Müşebbihe kendi görüşleri istikâmetinde birçok asılsız rivayet de uydurmuş ve bunların çoğunu Yahudilerden iktibas etmiştir. Bilindiği üzere teşbih Yahudilerin tabiatı haline gelmiştir.

Not;
Subki;de, eI-MiIeI ve'n-Nihal hakkında, "Bana göre bu kitap bu konuda yazılanların en iyisidir" diyerek Şehristani'yi tasdik etmiştir.(Tabakatü'ş.Şafiyye, Kahire, 111/ 78. )

İbn Teymiyye; de "Şehristani'nin kitabı mezheplere dair yazılan kitaplardan muhteviyatı en zengin ve nakli en iyi olanıdır" ifadesi ile hakkı teslim etmek istemiştir.
(Minhacü's.Sünne, Bulak, III! 208.)
 
E Çevrimdışı

Ehli_Hadis

Aktif Üye
İslam-TR Üyesi
İmam Şafii (rahımullah) şöyle dedi: “Allah’a hamd olsun ...Ki o kendisini tanımladığı gibidir ve halkın tanımlamalarının üzerindedir.” Benim de benimsediğim, Süfyan ve Malik gibi gördüğüm ve ilim aldığım ehli hadisin, sünnet konusundaki görüşleri şudur:

Allah’tan başka ilah olmadığına, Muhammed (sallallahu aleyhi ve sellem)’in Allah’ın elçisi olduğuna şehadet etmek ve Cenabı Hakk’ın gökte arşında olduğuna ve kullarına dilediği gibi yaklaştığına ve yine dilediği gibi dünya semasına indiğine inanırız.es-Sabunî, Akidetu’s Selef: 54. er-Risale: sh.7-8.

“Kur’an’ın ve sünnet’in isbat ettiği bu sıfatları biz de ispat ediyor ve Allah kendi zatından uzak tuttuğu gibi, biz de teşbihi ondan uzak tutuyoruz. Allah’ın bir benzeri yoktur. “Allah’ın kitap ve sünnet’te bildirilen isim ve sıfatları vardır.

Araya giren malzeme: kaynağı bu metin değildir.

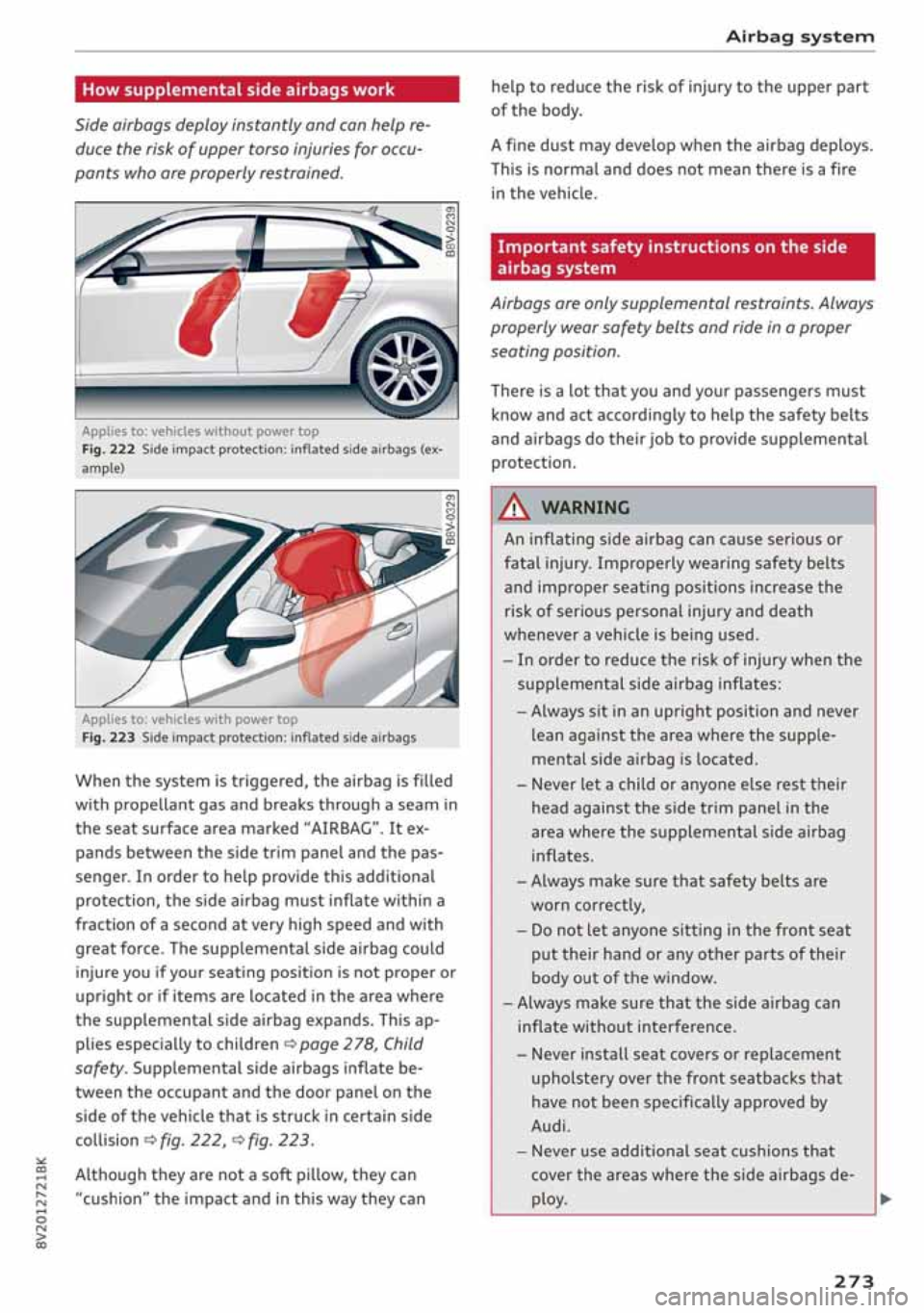 AUDI A3 SEDAN 2020  Owners Manual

Bu isim ve sıfatlar kendisine, kitab ve sünnet hüccetleriyle sabit olduğu halde kim bunlardan birisini inkar ederse kafir olur. Ancak haber cihetiyle hüccet sabit olmamış ise, bu durumda cehaleti nedeniyle mazurdur. Çünkü bu gibi şeylerin akıl, fikir yürütmekle bilinmesi mümkün değildir. Cenabı Hakkın işitici olduğu, veya iki eli olduğu haberleri de böyledir. Hakk Teala şöyle buyurdu:

“ Bilâkis, Allah’ın elleri açıktır, dilediği gibi verir.” (Maide, 5/64).

Ve şu kavli ile Allah’ın sağı vardır:

“Gökler O’nun sağ eliyle dürülmüş olacaktır.” (Zümer, 39/67).

Ve vechi vardır:

“O’nun vechinden başka her şey yok olacaktır.” (Kasas, 28/88).

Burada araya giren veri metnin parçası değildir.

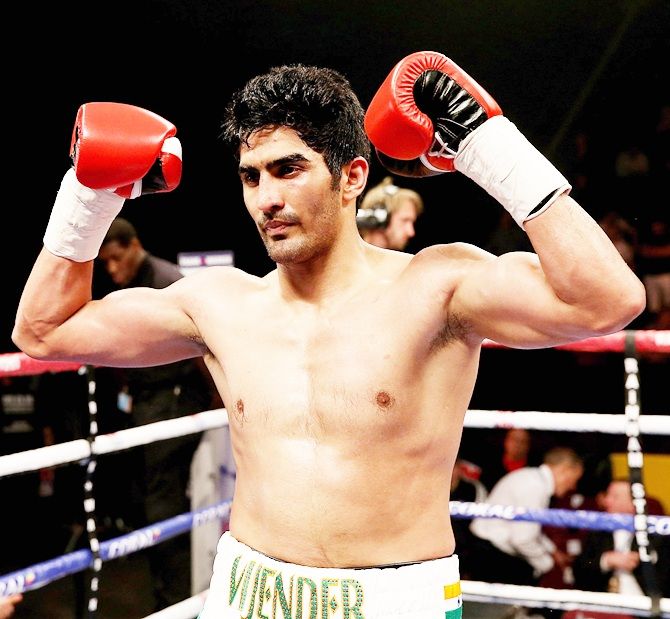 Vijender Singh has not fought any professional bout this year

“Ancak azamet ve ikram sahibi Rabbinin vechi bâki kalacak”. (Rahman, 55/27).... Siyer E’lamu’n Nübela: 20/341.

(Nas ile İspat edilen bütün sıfatları biz kabul ediyoruz bu kimden gelirse gelsin nassın yani Ayet ve hadisin dışına çıkan sıfatları ise biz kabul etmiyoruz bu kimden gelirse gelsin …….)
 
!sLaM4eVeR Çevrimdışı

!sLaM4eVeR

لا اله الا الله
Admin
.Kevseri daha Müşebbihe'nin ne olduğunu bilmiyor.......biz hayatta olsa idi kendisine bunu öğretirdik ama malasef kendisi vefat etmiştir bizde ondan sonra ki gelenlere bunu öğretelim.....

Şu kibre bakın ,Ferdiosman sana hocalık yapmayı teklif ettiği için siteden uzaklaştırıldığını söylemişti...Bir allemeye hocalık yapmayı söyleyen şu kişi hakkında adil yöneticilerimiz ne yapacaklar acaba?

Sorumuza gelirsek ve konu kapanmaz ve yasaklanmazsak ,Haşa!!! Allah için muhal olduğu halde,

Allah oturur dese birisi celese ve kuud bu teşbih veya tecsim olurmu?

Buyur sizi burada tutan yok gidip layık olduğunuz birinden ders alın.

Bu arkadaşımız da siteden atılmıştır. Bu tutumu artık bırakın aksi halde bu forumda barınamayacaksınız inşAllah.